The Teledyne 3000TA is an advanced telemetry system designed for high-performance applications in various industries such as aerospace, automotive, and research. This innovative device combines cutting-edge technologies with user-friendly features, making it an essential tool for engineers and scientists alike.

One of the standout features of the Teledyne 3000TA is its robust data acquisition capabilities. It offers a high sampling rate, which allows users to capture rapid changes in measurements accurately. This is particularly beneficial for applications that require real-time data analysis and decision-making, such as testing the performance of new aircraft components or monitoring engine behavior under different loads.

The 3000TA integrates multiple sensor interfaces, enabling it to connect seamlessly with various types of sensors, including temperature, pressure, and strain gauges. This versatility makes it suitable for a wide range of testing scenarios, from structural analysis to environmental monitoring. Users can customize the system to fit their specific needs, significantly enhancing its functionality.

Another significant advantage of the Teledyne 3000TA is its advanced wireless communication technology. By employing protocols like Bluetooth and Wi-Fi, it allows for remote data monitoring and access, which improves safety and convenience during testing processes. Engineers can easily gather data from hazardous environments without being physically present, ensuring both efficiency and safety.

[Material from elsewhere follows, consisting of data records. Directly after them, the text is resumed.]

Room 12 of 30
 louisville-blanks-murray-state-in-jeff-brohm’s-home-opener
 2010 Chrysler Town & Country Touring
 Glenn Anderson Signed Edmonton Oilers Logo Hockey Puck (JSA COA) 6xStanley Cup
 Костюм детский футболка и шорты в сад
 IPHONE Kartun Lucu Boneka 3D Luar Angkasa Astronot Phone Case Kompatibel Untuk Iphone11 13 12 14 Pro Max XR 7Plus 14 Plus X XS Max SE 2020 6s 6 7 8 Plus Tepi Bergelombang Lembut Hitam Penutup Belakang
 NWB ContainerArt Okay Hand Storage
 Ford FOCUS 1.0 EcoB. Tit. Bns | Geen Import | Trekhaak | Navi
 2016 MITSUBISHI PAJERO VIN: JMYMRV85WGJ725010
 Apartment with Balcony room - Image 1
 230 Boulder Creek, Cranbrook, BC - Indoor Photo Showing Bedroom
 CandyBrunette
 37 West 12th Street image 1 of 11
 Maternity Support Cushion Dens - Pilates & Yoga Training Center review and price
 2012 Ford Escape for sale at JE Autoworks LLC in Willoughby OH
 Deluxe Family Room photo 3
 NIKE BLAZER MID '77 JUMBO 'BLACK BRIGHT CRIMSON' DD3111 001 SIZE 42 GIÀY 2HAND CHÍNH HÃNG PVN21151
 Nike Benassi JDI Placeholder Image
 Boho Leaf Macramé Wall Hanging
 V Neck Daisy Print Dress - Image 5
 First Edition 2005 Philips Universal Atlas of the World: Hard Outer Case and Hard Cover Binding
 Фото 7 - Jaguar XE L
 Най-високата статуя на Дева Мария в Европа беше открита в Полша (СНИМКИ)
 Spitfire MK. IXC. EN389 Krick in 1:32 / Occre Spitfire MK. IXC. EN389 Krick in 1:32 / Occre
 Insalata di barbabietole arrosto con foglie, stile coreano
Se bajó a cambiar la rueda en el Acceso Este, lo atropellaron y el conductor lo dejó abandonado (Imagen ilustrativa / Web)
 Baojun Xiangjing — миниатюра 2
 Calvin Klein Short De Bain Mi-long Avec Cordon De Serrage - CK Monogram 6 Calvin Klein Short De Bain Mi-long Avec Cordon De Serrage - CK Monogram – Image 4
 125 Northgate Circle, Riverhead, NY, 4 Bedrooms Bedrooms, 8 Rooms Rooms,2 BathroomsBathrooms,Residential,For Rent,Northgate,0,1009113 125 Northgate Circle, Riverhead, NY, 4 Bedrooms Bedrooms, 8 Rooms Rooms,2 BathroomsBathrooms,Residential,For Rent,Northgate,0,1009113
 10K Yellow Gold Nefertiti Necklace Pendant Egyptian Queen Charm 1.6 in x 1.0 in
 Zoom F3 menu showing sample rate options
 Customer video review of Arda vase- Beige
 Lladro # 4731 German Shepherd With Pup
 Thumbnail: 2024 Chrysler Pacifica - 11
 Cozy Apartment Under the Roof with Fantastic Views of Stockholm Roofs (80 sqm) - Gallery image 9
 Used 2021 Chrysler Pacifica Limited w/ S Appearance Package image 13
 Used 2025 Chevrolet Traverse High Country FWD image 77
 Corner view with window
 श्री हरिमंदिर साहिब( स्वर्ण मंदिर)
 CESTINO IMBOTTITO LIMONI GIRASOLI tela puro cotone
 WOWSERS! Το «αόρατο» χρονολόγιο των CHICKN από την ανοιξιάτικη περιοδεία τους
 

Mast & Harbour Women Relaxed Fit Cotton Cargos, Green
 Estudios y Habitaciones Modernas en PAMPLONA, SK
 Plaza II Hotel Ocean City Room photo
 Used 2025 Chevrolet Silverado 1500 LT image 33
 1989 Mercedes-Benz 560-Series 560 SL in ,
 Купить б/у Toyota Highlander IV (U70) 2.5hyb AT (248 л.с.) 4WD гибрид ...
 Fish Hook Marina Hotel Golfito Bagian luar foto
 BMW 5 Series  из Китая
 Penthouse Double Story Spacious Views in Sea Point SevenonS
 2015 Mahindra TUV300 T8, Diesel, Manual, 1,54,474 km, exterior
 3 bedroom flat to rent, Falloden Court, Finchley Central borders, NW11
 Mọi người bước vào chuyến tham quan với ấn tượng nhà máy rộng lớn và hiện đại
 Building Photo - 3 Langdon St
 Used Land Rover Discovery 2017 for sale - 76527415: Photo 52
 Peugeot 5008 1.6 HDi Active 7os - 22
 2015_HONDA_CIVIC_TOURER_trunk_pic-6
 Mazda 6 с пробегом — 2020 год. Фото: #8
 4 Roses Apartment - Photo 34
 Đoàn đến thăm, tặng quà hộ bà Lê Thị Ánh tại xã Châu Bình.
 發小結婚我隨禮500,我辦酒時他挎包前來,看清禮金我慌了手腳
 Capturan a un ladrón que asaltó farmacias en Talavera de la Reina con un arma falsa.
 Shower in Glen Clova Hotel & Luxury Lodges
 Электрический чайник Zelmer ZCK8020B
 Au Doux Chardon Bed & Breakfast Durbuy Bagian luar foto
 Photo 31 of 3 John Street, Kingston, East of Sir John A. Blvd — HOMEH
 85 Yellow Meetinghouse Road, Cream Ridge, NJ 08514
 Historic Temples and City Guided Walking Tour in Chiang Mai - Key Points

The device is also equipped with an intuitive user interface, which simplifies the setup and operation processes. The touchscreen display provides real-time data visualizations and easy navigation through various menus, making it accessible even to those new to telemetry systems. This user-centric design reduces the learning curve and enhances overall productivity.

In terms of data integrity, the Teledyne 3000TA features robust error-checking and validation protocols. These built-in safeguards ensure that the data collected is accurate and reliable, which is crucial for making informed decisions based on telemetry data.

The system's compact and lightweight design ensures portability, allowing for use in various fields and environments. This flexibility enhances its appeal for field applications, where space and weight can be significant constraints.

In summary, the Teledyne 3000TA stands out as a versatile and reliable telemetry solution, combining high-performance data acquisition, advanced communication technologies, and user-friendly features. Its application across multiple industries makes it an invaluable tool for professionals seeking to optimize their testing and analysis processes.